Exercise prompt => The listing is to be printed word for word, pictures omitted.

Provided material =>
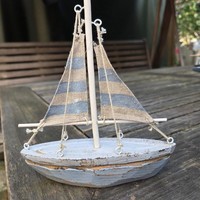 Shabby Maritim Dekoration Segelboot Schiff Segelschiff Stand Boot Holz Baumwolle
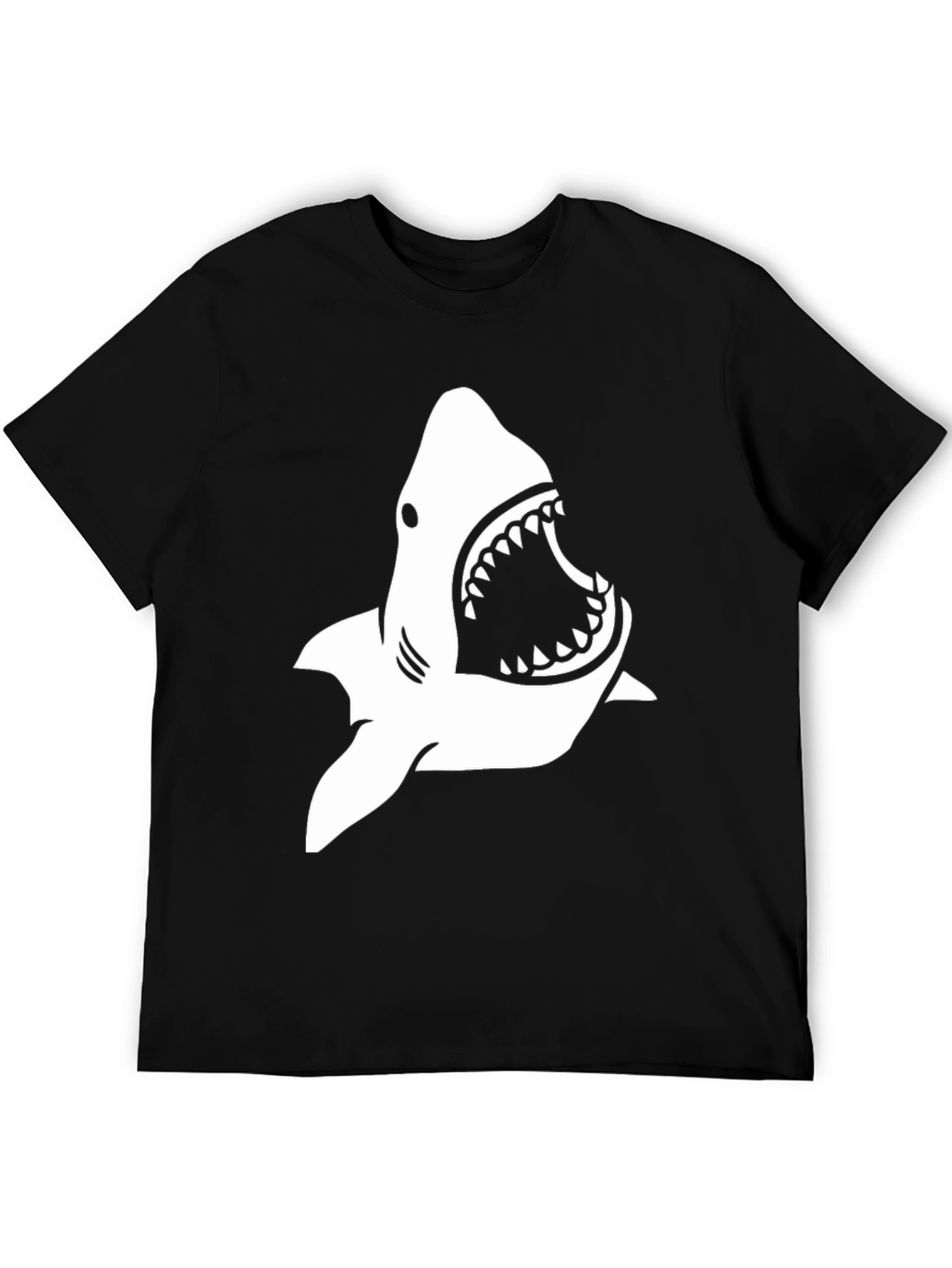 Shark Graphic Tee - Black Cotton T-Shirt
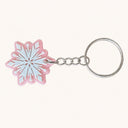 Pink and White Snowflake Keychain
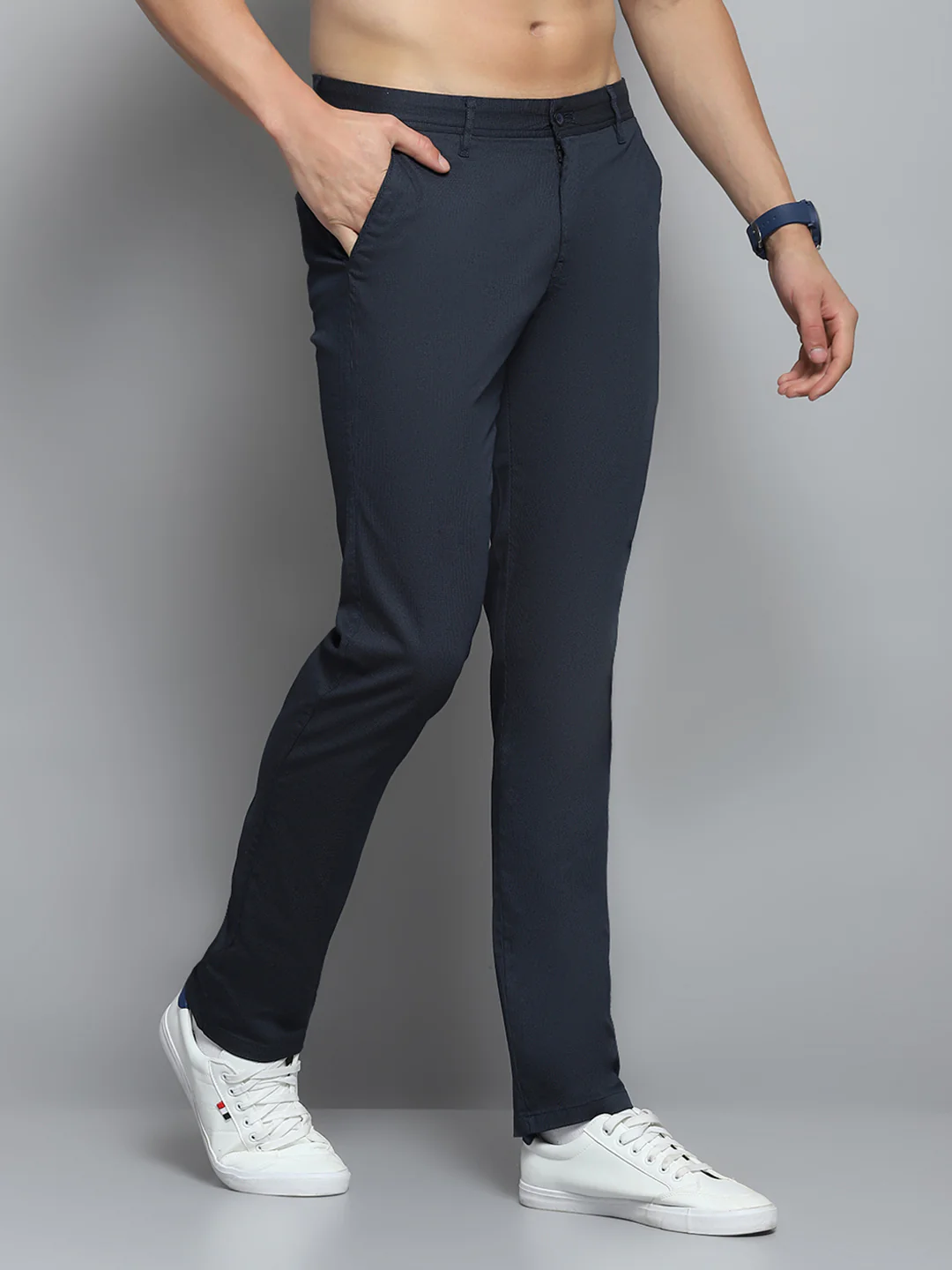 Men Navy Blue Solid   Trouser - Image 4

Solution to the exercise =>
 Shabby Maritim Dekoration Segelboot Schiff Segelschiff Stand Boot Holz Baumwolle
 Shark Graphic Tee - Black Cotton T-Shirt
 Pink and White Snowflake Keychain
 Men Navy Blue Solid   Trouser - Image 4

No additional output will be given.